Top of Working data

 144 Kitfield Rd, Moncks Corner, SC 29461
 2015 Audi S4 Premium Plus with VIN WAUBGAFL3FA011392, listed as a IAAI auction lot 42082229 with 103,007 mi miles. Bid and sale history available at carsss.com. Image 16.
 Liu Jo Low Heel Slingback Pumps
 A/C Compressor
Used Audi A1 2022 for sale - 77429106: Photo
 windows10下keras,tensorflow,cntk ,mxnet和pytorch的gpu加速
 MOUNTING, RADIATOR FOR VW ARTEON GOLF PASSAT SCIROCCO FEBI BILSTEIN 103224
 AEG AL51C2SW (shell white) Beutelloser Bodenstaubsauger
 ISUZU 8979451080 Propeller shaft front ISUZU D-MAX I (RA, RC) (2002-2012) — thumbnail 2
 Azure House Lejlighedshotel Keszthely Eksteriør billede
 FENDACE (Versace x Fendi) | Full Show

Bottom of Working data
Top of Working data

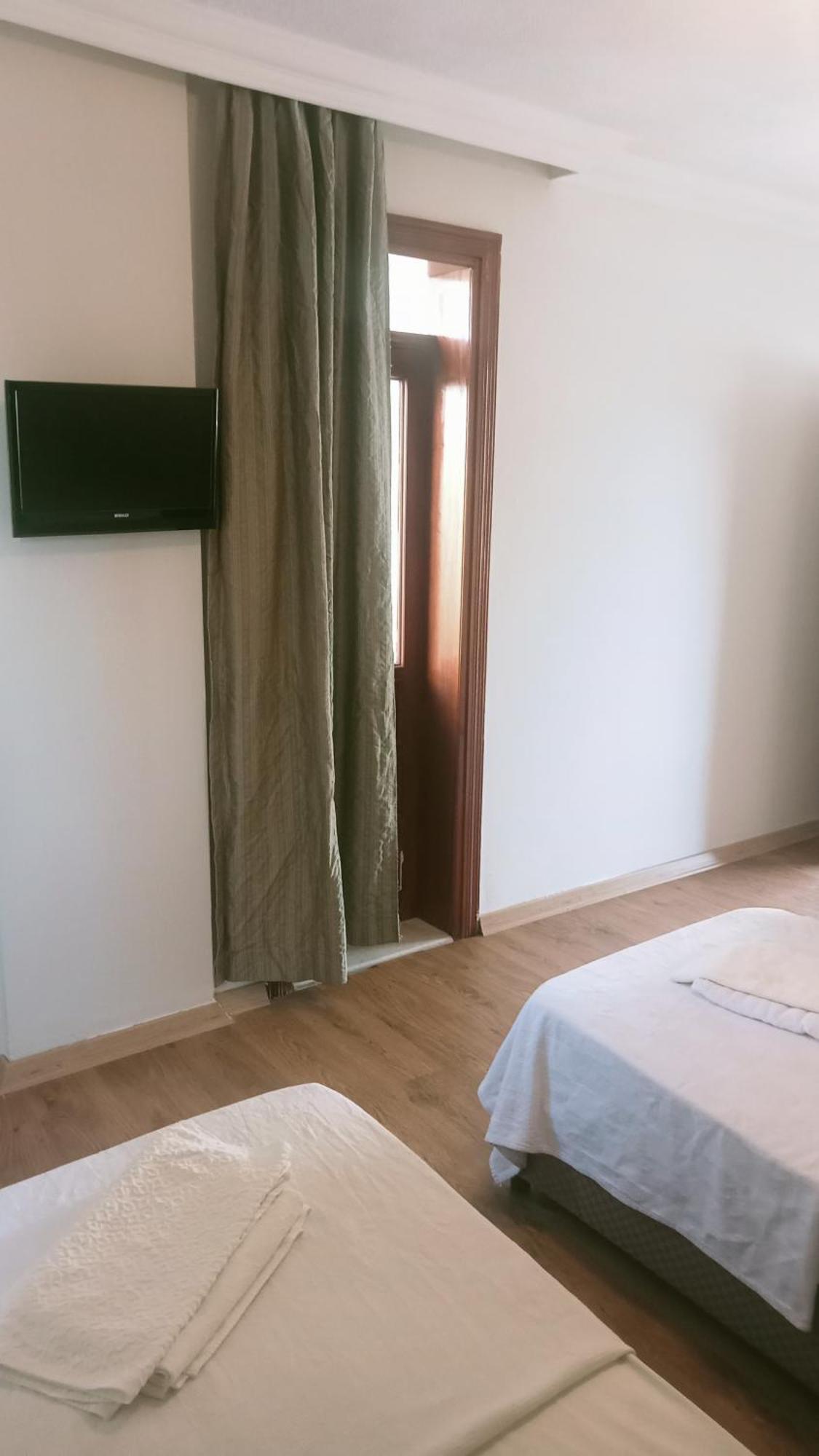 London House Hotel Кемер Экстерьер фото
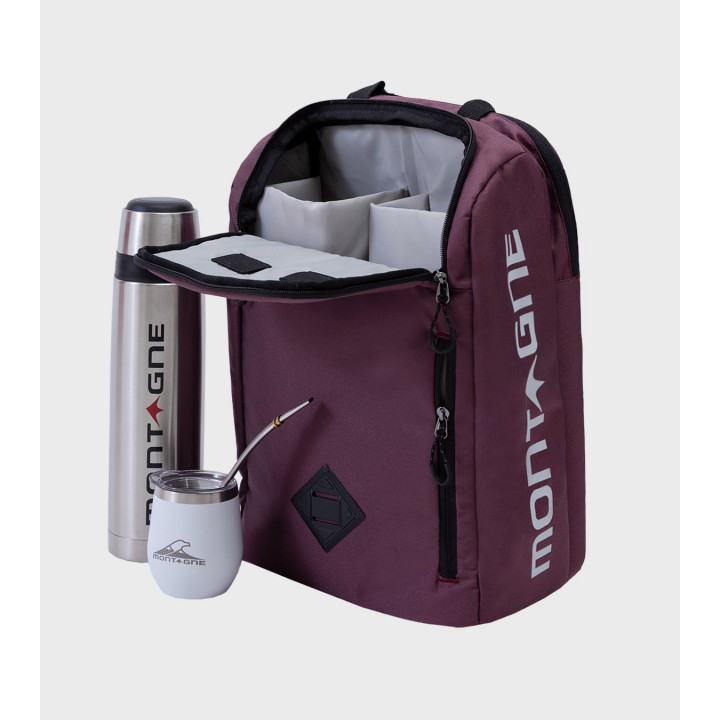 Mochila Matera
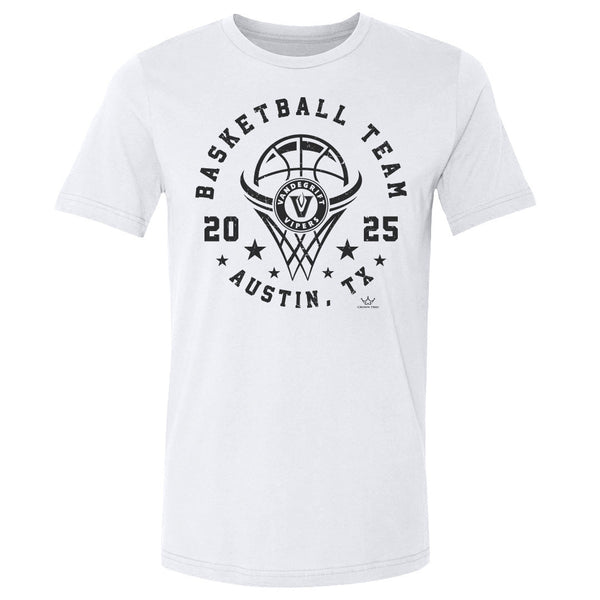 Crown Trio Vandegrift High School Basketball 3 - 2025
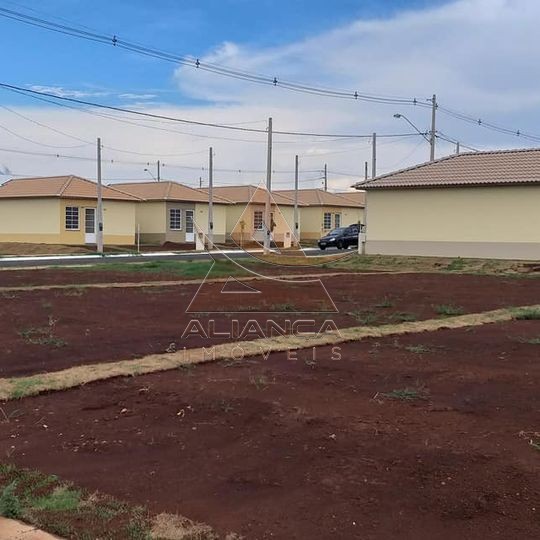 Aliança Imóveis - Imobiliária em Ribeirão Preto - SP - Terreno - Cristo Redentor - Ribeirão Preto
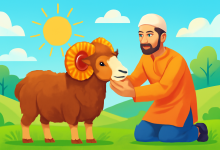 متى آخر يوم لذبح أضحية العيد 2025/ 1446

Bottom of Working data
Top of Working data

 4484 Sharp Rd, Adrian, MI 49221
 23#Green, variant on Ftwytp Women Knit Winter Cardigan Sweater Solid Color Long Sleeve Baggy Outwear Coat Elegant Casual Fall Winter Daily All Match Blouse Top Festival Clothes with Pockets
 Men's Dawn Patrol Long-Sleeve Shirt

Bottom of Working data

Directions:
If a line in the records above contains the string "Audi", copy that line out.

Answer to this task:
 2015 Audi S4 Premium Plus with VIN WAUBGAFL3FA011392, listed as a IAAI auction lot 42082229 with 103,007 mi miles. Bid and sale history available at carsss.com. Image 16.
Used Audi A1 2022 for sale - 77429106: Photo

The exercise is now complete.